Reklama

Matko nasza!

Bądź na bieżąco!

Zapisz się do newslettera

Apel Jasnogórski przeprowadzony po nabożeństwie wieczornym w ramach rekolekcji wielkopostnych dla alumnów 1 marca 2002 r.Matko naszego zawierzenia - Pani Jasnogórska!

Znany nam ksiądz-poeta spoglądając uważnie na Obraz Częstochowski napisał jeszcze tak:

... Nie pachniesz kadzidłami, lecz woskiem i miodem...

w ultrafiolecie świecisz zielono jak ozimina,

jak łąka w kwietniu...

przez kraj i rozproszenia nasze idziesz wytrwale

przyczyno naszej wierności

gwiazdo zaranna

światło ostatnie...

Nie wszystkie nasze obrazy, przedstawiające Matkę Bożą, muszą być koniecznie podobne do Ikony Jasnogórskiej. W różnorodności jest przecież swoiste bogactwo, a wielość punktów widzenia może tylko sprzyjać lepszemu poznawaniu i przekazywaniu wiekuistej prawdy. Nie jest wykluczone, że na szlaku, którym w XIV w. wędrowała Ikona Matki Bożej Częstochowskiej z Bełza na Jasną Górę, powstała osada, a potem także miasto zwane Krasnobrodem. Ale w żaden sposób nie da się powiedzieć, by do Ikony Jasnogórskiej był choć trochę podobny obraz naszej Pani Jagodnej z Krasnobrodu. Mimo to poezja przed chwilą czytana, gdzie mowa o wosku i miodzie, łące i oziminie, a także o wytrwałej wędrówce Matki Bożej po naszym kraju ojczystym - stanowi jakąś dziwną i nawet przejmującą egzegezę dla każdego, komu z bliska dane jest oglądać obraz Matki Bożej Nawiedzenia w Krasnobrodzie.

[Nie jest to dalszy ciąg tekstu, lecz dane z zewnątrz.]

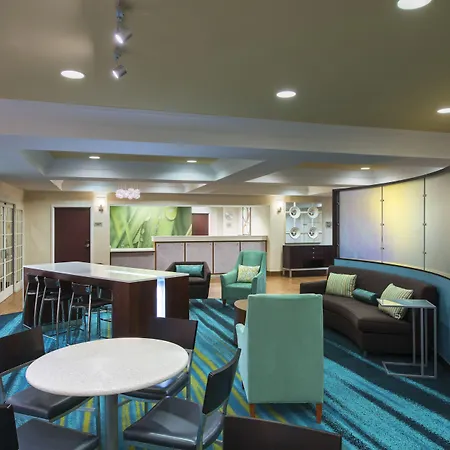 Springhill Suites By Marriott Williamsburg-2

Pojawił się ten Obraz, a właściwie mały obrazek, w połowie XVII w., gdy wielkie nieszczęścia spadły na Polskę i dotknęły w stopniu najwyższym przede wszystkim prosty, wiejski lud. Przed Turkami i Tatarami chronił się ten Obraz za bezpiecznymi murami Zamościa. W czasie II wojny światowej miejscowi szlachetni ludzie wynieśli go z zamkniętego przez Niemców kościoła krasnobrodzkiego i troskliwie przechowali na lepsze czasy.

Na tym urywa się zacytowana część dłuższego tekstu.